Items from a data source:
↓↓↓

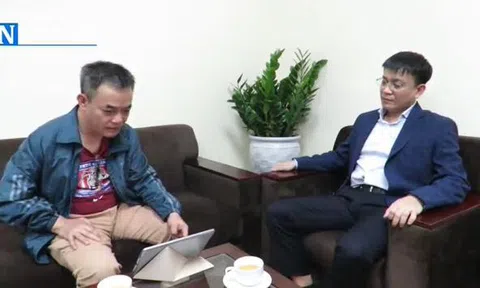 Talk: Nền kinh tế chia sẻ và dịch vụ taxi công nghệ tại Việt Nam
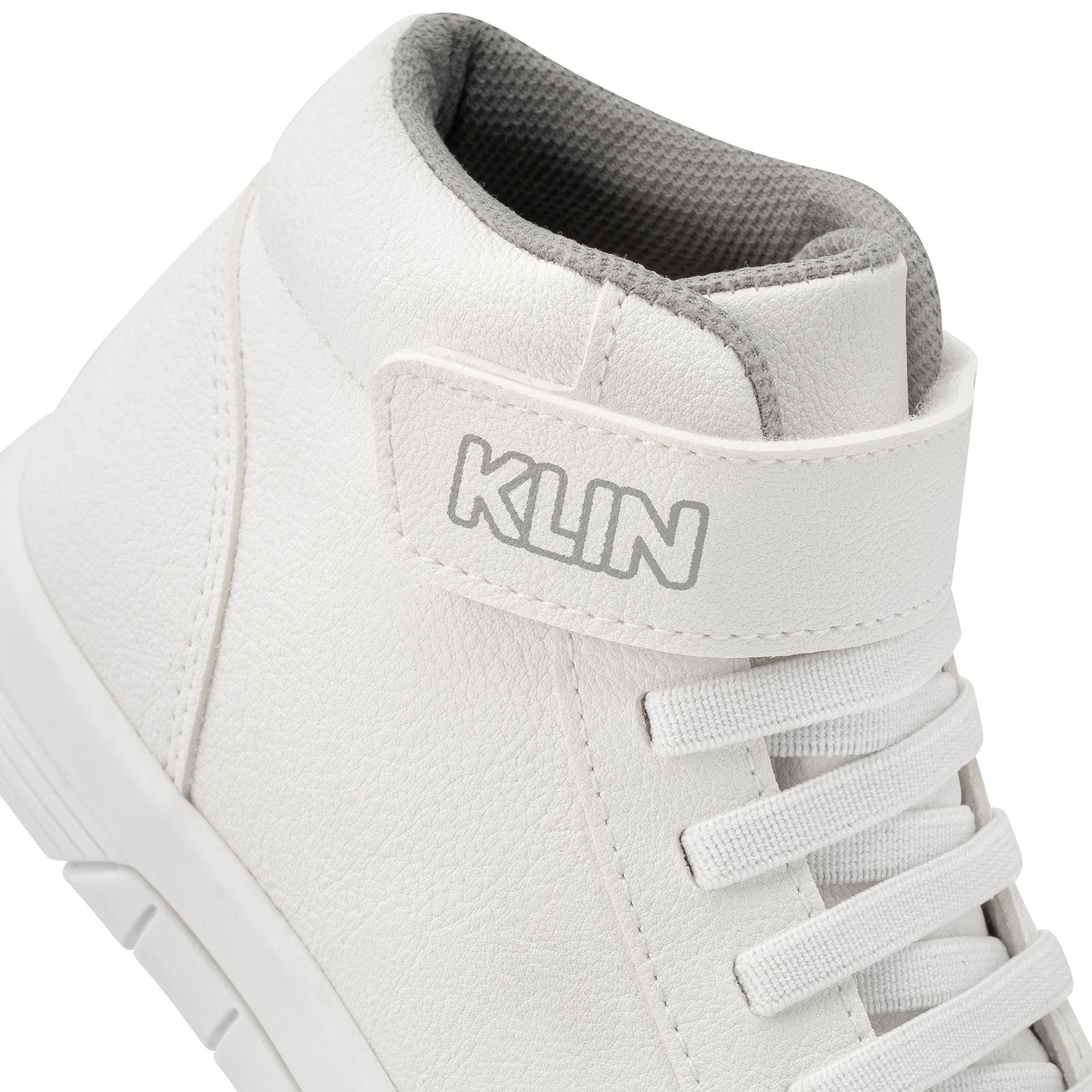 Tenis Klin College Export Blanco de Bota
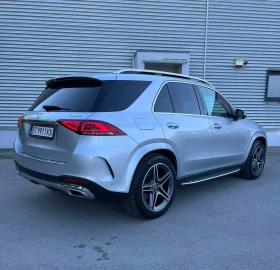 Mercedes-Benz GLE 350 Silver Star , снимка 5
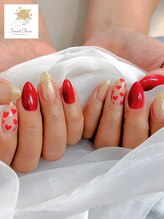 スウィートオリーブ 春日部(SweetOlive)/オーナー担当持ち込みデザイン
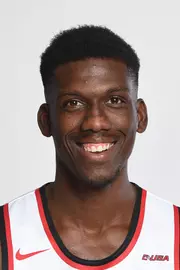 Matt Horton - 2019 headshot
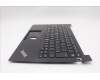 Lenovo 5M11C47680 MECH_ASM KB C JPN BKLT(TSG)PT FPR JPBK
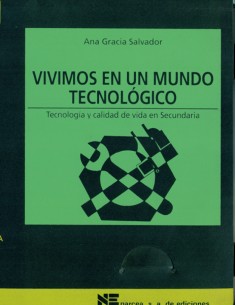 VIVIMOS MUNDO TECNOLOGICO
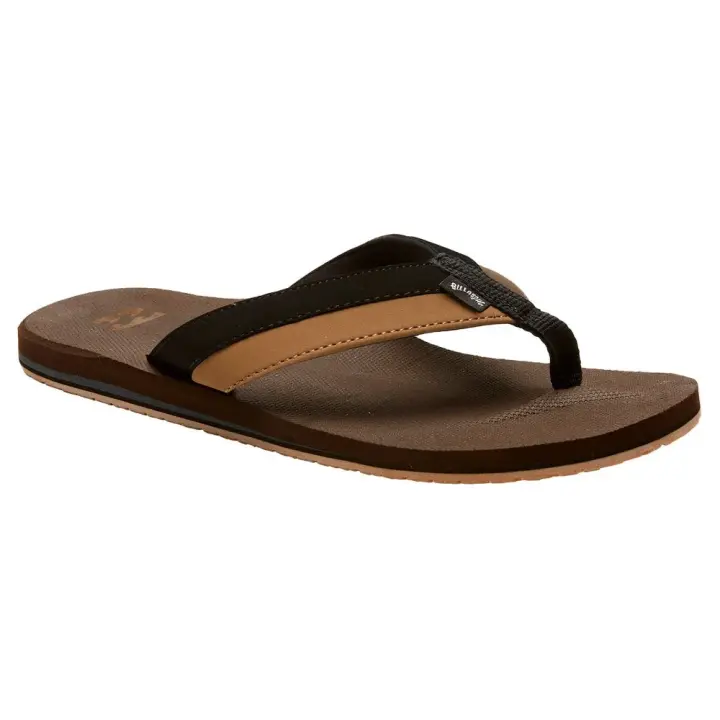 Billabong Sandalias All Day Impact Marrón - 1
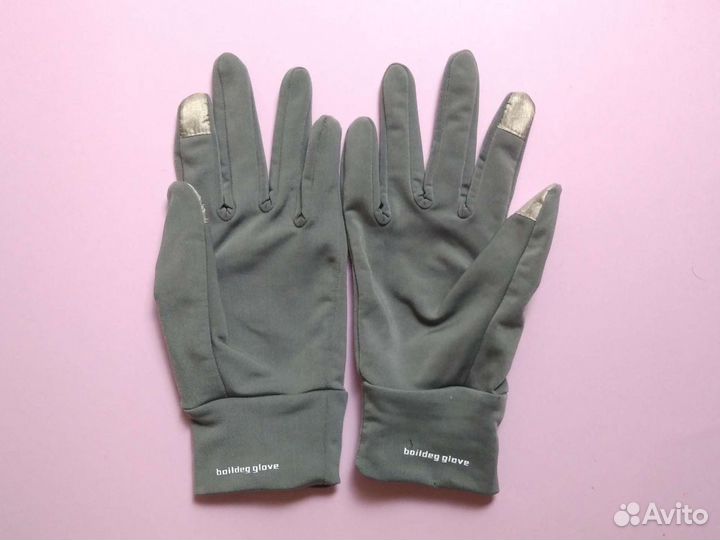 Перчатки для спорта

↑↑↑

== Action item ==
Take the lines from the one holding "Billabong Sandalias All" through the final line of the records above and output them exactly, both ends included, excluding pictures.

== Reply to the exercise ==
 Billabong Sandalias All Day Impact Marrón - 1
 Перчатки для спорта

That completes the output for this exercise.